A 10,000 Euro scholarship is set to help Computer Science student Johanne Trippas pursue her Masters research project into web search using speech-only communication channels that could help people with disabilities to more easily access information.
The scholarship is funded by the VOCATIO Foundation from Johanne’s home country of Belgium and is offered to Belgians under the age of 30 who are undertaking a project they are passionate about and which contributes to society in a broader sense.
Johanne was one of a very small number who got the award this year and she’s especially delighted with the funding.
“This is brilliant news as the scholarship allows me to travel to the US to meet with a team at the University of Massachusetts and I will also have the opportunity to meet researchers in user experience at University of California, Santa Cruz,” she said. “I’m very fortunate to receive this, as it is a very prestigious scholarship in Belgium, coming under the patronage of Their Royal Highnesses King Philippe and Queen Mathilde, with leading researchers and artists on the selection committee, and in addition to financial support, the foundation offers winners career mentoring and the opportunity to network with former laureates and leading figures in your particular field.”
Established in 1963 as the “Fondation belge de la Vocation”, before being rechristened “VOCATIO” in 2011, the organisation supports young people in Belgium to pursue a ‘life project’ (or your vocation) that benefits wider society in some way. Projects can be in a number of fields including technology, art and science, and the aim is to enable young people to make an impact irrespective of their background.
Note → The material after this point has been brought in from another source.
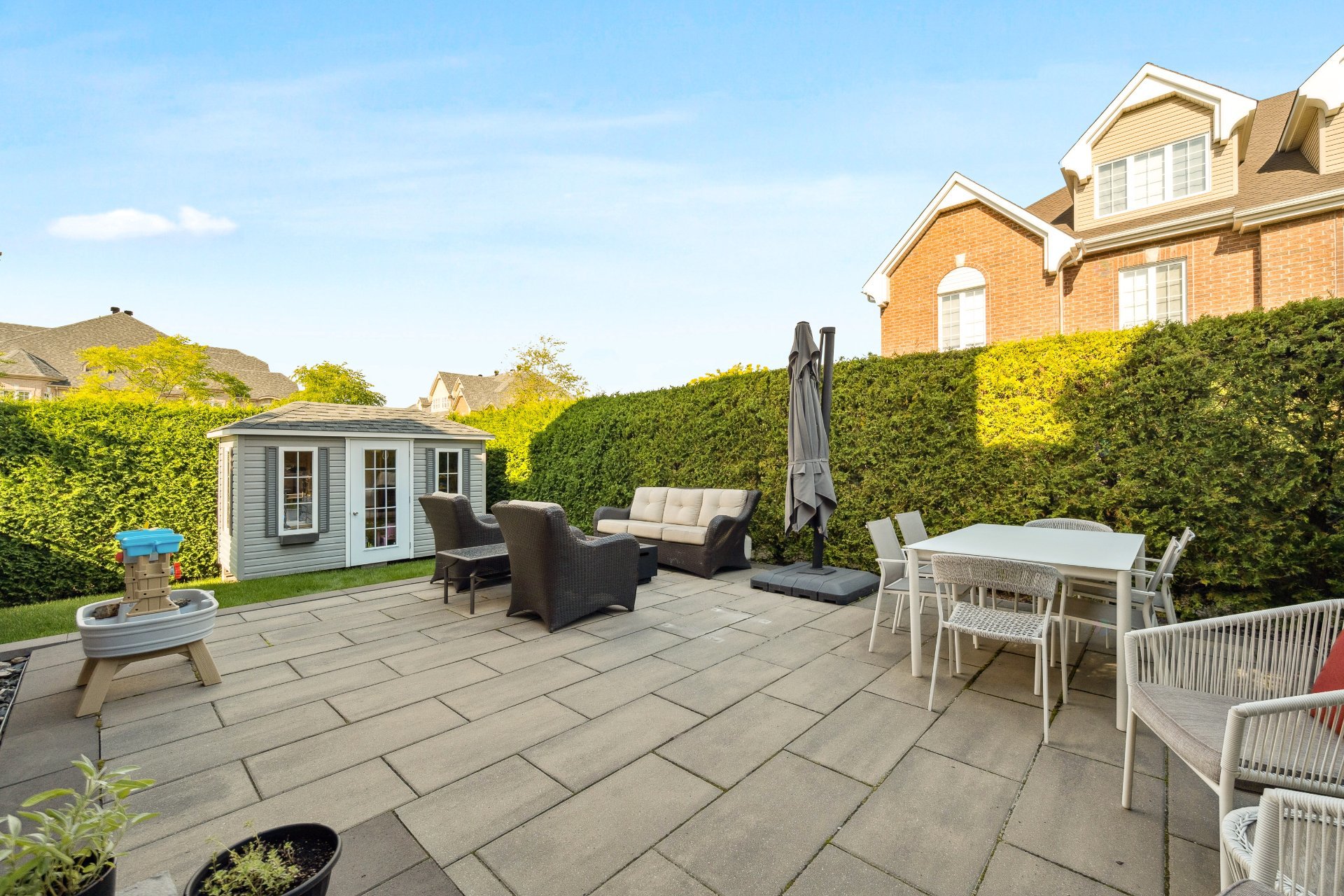 Montréal (Saint-Laurent), QC H4R 3N3, Canada, 3 Bedrooms Bedrooms, ,3 BathroomsBathrooms,Residential,Active,205357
“As part of my application, I presented the selection committee with my Masters research project which is investigating browsing web search results over a speech-only communication channel”, Johanne said. “I discussed how valuable browsing web search results over a speech-only communication channel would be for people with disabilities as it would enable them to access information with greater ease.”
Johanne is also pleased that the extra funding will allow her to remain in Melbourne at RMIT.
”RMIT is a very supportive environment and the staff have been very helpful, while I’ve also been able to meet so many people,” she said. “I love the diversity of Melbourne – you meet so many people from so many different parts of the world – and the beauty of technology today is that my family and friends in Europe are never far away!”
While it was practical considerations that led her to choose RMIT to study, Johanne has found that there are so many other compelling reasons to remain in Melbourne.
“I decided to study at RMIT because it is a leading university in computer science, but it also offers a very hands-on learning experience, and when I was choosing where to study, I felt that this practical approach would be very useful for future employment opportunities,” she said. “Outside of studies I enjoy climbing, running and singing in my local community choir, but I have also been involved in an interesting project to make a robot with Microsoft Kinect sensors for the Artificial Intelligence department, which has been one of the highlights of my studies.”
It was a project with other volunteer students from both undergraduate and postgraduate programs and I learned a lot, while meeting new people from my department who encouraged me to do well in my courses.”
As well as project work, Johanne has also been heavily involved with helping to guide new students and in promoting the involvement and interest of women in computing and Information and Communication Technologies (ICT).
“I’ve been involved with a team of students to create a good RMIT experience, and acted as a mentor to new international students, while I’ve also been active as a tutor for a couple of courses at the School of Computer Science and IT,” she said. “I’ve also been a lead ambassador for Girl Geek Coffees, who are trying to provide meaningful interpersonal support to female students and early career professionals in ICT and related STEM (Science, Technology, Engineering, and Mathematics) fields.”
Increasing the numbers of women actively participating in computer science and ICT, whether in a research capacity or as industry professionals is especially important to Johanne.
“In both Belgium and Australia women continue to be in the minority in ICT, and with technology being such a significant part of our lives today, it is important that more women are part of the process of creating technology,” she said. “The key to getting more women involved is promoting the study of science and technology amongst girls in schools and having networking initiatives for women working in the industry.”
For her own part, Johanne sees her career as continuing in a research direction, which might possibly see her remain at RMIT in Melbourne.
“I’m looking at continuing my research into a PhD and working to contribute to the knowledge of Human Computer Interaction,’ she said. “The learning environment at RMIT is very supportive and offers a lot of flexibility (so you can study full-time or part-time) with individual learning needs taken into account, so it is possible, for example, to study and work, as many classes in computer science are offered outside of business hours. This is great for people who might want to change their career or who have financial commitments and family responsibilities, though I’ve been told that in Belgium there is less flexibility with many universities offering a more traditional model of education for full-time students.”